Air Board develops draft plan to reduce greenhouse gas emissions
Cap and trade plan included
by Virginia Draper
In June the California Air Resources Board (CARB) released the Climate Change Draft Scoping Plan designed to implement AB 32, the greenhouse gas reduction law. Passed in 2006, AB 32 requires the State to reduce greenhouse gas emissions to 1990 levels by 2020. This is about a 10% reduction from today's levels and a 30% reduction from business-as-usual levels projected for 2020.
Calling the draft plan "balanced and comprehensive," Bill Magavern, Sierra Club California's Director, noted that it includes many ideas presented by Sierra Club activists in May. For instance, the plan calls on utilities to produce a third of their energy from renewable sources such as wind, solar, and geothermal by 2020. The draft plan also requires more efficient cars and trucks.

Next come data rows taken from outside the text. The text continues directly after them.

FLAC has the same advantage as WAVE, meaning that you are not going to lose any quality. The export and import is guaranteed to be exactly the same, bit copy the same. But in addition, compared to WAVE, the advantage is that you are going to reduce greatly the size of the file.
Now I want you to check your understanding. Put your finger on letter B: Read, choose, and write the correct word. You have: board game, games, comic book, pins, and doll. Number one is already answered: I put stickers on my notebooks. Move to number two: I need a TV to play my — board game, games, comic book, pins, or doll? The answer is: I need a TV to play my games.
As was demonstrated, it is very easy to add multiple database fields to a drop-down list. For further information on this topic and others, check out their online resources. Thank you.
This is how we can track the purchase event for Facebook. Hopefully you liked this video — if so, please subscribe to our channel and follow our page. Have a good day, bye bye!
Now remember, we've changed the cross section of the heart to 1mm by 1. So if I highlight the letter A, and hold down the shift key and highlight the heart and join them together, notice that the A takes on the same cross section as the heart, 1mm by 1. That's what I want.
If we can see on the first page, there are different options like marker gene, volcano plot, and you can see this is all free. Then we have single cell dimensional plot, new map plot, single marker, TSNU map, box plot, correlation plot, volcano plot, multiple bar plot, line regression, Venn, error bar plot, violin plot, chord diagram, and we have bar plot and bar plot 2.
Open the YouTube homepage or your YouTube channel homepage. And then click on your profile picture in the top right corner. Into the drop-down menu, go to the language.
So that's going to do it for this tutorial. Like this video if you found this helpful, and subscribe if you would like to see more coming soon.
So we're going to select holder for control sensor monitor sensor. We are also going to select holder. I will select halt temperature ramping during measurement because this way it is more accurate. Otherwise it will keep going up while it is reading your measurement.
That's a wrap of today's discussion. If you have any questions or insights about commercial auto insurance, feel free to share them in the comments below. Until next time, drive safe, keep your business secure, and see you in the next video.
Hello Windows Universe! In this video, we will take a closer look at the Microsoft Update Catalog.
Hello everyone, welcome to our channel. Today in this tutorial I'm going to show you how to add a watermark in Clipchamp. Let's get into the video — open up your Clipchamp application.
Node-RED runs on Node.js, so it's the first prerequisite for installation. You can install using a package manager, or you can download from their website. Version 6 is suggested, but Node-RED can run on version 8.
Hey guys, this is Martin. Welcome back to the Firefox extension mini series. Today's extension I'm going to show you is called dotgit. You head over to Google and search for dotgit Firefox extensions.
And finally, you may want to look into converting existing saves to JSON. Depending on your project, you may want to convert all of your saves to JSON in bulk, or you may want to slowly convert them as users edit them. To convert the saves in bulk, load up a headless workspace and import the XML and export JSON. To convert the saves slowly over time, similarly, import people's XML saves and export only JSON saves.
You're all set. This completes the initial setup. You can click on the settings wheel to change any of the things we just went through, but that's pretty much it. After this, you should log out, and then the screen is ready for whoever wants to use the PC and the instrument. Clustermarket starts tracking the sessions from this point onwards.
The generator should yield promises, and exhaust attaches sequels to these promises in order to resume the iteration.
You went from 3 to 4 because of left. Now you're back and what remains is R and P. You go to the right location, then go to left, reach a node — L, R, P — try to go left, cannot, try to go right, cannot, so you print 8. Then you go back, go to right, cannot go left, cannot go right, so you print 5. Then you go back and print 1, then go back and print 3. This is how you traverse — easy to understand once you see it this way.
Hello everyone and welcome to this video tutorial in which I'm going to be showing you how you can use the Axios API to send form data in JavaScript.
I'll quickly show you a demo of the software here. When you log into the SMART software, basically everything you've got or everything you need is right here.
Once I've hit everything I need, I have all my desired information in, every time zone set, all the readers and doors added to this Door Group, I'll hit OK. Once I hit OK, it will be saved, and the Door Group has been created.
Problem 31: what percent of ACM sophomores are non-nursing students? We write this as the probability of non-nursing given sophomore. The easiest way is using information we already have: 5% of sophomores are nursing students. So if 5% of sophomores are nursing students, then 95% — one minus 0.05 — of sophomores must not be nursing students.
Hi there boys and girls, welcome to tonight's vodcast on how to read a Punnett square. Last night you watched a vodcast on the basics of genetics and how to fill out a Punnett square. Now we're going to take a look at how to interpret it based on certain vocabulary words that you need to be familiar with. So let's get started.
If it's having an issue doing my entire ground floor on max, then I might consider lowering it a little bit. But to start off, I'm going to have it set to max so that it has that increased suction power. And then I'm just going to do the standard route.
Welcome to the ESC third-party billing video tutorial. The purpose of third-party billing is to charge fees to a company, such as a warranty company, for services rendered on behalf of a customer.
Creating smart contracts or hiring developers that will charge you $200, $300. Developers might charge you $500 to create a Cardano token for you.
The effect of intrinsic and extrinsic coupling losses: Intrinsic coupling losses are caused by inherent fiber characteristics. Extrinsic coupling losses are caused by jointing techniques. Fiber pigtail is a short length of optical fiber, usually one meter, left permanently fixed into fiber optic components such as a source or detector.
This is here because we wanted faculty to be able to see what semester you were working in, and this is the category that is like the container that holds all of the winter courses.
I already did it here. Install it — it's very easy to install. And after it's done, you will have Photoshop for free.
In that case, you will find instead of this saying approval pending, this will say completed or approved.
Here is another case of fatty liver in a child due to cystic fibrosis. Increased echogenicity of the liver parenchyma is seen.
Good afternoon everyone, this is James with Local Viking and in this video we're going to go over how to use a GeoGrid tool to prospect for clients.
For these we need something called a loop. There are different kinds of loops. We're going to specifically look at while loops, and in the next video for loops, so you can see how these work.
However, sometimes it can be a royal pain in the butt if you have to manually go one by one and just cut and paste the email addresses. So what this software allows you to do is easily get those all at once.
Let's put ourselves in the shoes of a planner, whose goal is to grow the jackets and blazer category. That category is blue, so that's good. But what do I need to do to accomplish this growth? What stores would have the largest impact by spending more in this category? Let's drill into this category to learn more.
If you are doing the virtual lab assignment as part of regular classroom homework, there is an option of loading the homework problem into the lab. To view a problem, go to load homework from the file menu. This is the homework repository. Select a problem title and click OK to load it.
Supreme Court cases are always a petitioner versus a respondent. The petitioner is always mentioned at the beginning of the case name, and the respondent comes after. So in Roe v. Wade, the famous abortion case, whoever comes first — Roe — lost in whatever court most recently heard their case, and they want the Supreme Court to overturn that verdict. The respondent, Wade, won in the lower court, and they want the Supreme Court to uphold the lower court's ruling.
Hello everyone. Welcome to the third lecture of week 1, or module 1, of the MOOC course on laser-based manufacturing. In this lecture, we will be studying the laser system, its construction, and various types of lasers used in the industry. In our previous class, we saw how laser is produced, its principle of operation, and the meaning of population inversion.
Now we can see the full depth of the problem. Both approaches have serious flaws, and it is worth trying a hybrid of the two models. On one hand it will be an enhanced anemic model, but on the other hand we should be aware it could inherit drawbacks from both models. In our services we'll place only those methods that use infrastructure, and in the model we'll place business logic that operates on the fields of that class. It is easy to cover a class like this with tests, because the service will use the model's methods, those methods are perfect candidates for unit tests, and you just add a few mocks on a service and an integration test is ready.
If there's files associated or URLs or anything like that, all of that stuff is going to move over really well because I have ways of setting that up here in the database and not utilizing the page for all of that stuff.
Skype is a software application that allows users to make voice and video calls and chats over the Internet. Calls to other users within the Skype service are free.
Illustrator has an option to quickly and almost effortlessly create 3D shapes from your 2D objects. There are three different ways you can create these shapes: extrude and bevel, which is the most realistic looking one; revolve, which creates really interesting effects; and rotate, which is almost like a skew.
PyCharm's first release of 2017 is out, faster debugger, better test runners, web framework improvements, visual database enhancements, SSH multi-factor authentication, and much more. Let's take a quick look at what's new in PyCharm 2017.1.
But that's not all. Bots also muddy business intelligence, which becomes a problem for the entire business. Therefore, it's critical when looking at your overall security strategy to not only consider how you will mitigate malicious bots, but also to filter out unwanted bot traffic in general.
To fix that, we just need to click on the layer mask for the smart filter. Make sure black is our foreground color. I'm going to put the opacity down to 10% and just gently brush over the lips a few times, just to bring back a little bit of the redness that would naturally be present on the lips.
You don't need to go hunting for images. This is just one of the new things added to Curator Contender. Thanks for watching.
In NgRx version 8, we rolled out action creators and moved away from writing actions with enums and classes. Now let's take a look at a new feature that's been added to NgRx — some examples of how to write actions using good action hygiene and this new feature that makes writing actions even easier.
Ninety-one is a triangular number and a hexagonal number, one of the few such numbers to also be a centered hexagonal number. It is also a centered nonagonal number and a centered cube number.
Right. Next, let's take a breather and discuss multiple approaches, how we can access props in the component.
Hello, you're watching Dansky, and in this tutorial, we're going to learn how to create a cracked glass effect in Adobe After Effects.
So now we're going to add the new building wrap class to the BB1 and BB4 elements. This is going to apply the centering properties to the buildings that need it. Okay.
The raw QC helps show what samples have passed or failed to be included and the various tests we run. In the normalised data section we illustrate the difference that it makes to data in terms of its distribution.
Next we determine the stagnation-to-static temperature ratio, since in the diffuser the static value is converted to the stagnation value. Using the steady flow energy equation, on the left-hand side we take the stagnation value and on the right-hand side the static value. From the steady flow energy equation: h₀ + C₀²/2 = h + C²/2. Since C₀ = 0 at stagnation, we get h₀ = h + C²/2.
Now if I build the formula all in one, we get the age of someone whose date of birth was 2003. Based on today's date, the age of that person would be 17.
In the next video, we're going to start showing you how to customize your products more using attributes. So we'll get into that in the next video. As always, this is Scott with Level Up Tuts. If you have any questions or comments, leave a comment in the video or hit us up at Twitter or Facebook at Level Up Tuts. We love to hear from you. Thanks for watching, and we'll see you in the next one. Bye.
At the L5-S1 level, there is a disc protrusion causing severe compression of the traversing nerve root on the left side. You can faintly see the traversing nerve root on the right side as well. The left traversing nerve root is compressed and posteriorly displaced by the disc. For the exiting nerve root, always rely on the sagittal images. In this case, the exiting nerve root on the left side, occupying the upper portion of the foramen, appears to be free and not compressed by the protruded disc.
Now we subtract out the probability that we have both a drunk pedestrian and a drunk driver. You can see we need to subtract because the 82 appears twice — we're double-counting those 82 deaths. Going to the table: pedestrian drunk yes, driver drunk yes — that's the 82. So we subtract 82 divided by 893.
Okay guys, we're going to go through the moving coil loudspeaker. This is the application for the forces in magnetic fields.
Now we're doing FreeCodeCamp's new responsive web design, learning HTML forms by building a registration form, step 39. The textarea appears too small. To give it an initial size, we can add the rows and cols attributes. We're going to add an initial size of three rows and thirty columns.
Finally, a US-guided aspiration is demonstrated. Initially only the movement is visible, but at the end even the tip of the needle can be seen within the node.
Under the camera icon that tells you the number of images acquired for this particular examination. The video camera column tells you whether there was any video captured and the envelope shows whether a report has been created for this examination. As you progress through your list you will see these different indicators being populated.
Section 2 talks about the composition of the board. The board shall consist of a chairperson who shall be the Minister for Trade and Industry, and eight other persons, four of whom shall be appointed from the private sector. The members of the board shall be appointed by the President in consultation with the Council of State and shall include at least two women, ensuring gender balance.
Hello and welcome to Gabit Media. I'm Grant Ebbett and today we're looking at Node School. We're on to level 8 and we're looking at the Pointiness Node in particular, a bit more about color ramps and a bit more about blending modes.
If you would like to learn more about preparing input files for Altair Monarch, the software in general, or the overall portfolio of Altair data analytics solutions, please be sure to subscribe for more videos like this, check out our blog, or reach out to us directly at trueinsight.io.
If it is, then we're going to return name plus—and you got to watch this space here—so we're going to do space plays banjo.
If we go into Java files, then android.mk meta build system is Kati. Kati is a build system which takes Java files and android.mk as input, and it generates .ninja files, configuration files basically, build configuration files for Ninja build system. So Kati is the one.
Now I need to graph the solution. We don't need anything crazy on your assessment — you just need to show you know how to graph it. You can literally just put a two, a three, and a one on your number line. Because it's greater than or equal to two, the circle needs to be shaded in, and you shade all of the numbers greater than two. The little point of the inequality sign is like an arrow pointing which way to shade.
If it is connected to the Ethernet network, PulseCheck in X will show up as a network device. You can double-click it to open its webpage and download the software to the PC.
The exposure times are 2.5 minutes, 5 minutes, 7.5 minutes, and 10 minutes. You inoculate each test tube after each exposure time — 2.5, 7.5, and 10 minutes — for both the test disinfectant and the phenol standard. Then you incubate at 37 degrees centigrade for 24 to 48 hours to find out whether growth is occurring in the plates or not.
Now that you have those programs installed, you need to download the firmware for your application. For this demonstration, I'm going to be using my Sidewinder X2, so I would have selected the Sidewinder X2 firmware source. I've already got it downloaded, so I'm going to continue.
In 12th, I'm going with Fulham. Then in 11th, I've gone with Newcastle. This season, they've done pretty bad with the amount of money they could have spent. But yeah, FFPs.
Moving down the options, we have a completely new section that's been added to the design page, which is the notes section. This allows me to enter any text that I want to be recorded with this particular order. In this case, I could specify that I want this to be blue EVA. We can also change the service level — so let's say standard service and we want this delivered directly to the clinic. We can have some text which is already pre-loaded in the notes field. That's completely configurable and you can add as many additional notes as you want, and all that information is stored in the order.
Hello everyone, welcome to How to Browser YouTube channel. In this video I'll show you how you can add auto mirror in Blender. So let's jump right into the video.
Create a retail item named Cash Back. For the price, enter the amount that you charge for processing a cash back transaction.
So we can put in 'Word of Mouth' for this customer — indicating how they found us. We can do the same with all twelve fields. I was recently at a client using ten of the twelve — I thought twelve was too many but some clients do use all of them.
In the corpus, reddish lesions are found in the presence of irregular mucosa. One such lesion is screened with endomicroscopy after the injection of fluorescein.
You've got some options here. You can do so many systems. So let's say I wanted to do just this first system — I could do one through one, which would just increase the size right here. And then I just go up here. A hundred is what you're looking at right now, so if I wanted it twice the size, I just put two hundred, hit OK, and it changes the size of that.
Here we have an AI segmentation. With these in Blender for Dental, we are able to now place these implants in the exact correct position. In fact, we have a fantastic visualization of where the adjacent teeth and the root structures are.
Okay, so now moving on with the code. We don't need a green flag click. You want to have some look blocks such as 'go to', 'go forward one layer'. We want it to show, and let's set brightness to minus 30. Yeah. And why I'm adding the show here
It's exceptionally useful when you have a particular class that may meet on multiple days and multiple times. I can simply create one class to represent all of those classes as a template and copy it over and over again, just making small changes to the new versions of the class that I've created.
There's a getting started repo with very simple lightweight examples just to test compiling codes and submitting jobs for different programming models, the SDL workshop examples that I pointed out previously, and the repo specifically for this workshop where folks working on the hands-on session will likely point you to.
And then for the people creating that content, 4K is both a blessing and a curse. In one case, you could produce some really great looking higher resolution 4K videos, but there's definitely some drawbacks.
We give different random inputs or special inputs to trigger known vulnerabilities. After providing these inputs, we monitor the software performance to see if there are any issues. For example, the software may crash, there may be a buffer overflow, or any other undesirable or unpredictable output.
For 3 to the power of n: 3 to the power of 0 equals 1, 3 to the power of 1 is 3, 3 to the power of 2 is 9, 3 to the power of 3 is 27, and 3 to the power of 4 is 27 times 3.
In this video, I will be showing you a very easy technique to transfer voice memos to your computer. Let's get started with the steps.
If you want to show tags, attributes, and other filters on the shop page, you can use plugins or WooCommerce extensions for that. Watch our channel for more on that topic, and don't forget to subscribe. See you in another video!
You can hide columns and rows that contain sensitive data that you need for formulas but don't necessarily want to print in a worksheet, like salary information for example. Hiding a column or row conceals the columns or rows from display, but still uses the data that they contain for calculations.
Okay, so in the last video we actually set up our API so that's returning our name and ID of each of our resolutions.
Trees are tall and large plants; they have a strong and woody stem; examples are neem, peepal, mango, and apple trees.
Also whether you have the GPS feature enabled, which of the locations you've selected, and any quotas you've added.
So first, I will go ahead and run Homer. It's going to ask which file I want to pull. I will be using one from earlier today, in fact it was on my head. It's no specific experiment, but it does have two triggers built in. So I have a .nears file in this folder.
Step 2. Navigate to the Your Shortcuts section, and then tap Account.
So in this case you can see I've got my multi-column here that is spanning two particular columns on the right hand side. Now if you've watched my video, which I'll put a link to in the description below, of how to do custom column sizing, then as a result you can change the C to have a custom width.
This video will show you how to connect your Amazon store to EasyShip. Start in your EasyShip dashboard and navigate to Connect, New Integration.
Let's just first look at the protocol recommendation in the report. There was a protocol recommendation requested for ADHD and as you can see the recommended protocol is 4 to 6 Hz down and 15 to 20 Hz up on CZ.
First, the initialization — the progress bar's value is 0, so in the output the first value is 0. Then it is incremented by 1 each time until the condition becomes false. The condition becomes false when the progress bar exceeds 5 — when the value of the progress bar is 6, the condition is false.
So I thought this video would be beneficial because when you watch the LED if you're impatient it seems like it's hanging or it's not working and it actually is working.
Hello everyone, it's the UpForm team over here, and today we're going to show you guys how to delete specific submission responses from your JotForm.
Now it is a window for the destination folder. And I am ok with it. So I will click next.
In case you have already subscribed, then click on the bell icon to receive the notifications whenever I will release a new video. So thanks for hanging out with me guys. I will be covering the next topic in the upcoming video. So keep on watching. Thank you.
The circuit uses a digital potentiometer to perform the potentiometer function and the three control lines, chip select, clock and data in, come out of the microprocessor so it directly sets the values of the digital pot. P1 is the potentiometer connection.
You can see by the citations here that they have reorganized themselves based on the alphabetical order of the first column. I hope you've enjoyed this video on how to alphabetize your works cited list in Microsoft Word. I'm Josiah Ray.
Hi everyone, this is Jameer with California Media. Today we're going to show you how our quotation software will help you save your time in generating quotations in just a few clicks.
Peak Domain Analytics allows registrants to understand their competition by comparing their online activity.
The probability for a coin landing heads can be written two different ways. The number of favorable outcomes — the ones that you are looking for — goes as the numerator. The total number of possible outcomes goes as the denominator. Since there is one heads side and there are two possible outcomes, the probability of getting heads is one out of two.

Most of the reductions would be supervised under an ambitious cap and trade program that targets four sectors: electricity, transportation, industry, and natural gas. Due to launch in 2012, this program will be developed in conjunction with the Western Climate Initiative, comprised of seven states and three Canadian provinces, to create a regional carbon market.
The draft plan does not say how emissions allowances will be distributed. Mary Nichols, ARB Chair, says they are trying "to split the difference" —auctioning only a few allowances at first and giving away the rest, but auctioning more in future years. Sierra Club is opposed to giving away emission credits to polluters.
The Sierra Club and other environmental organizations (e.g., Union of Concerned Scientists, National Resources Defense Council, and Environment California) believe all allowances should be auctioned. They assert, "Allowances should be seen as a public asset, since they represent permission to use the atmosphere, which belongs to all of us, to dispose of pollution." Proceeds should be invested in highest-value solutions, such as increasing energy efficiency in homes, commercial buildings, and vehicles.
Other principles for a well-designed cap and trade program are in the Cap and Auction Position paper: sierraclubcalifornia.org/globalwarming.html.
The final draft will go to the Air Resources Board in November and be adopted in January. From 2009-2011 all measures will be vetted and analyzed, with full public input, as the plan moves through the regulatory process. For information about hearings and other ways to give input, see the California Air Resources Board web site: www.arb.ca.gov/cc/scopingplan/scopingplan.htm. Information on Sierra Club California's activities related to implementation of AB 32 is at sierraclubcalifornia.org.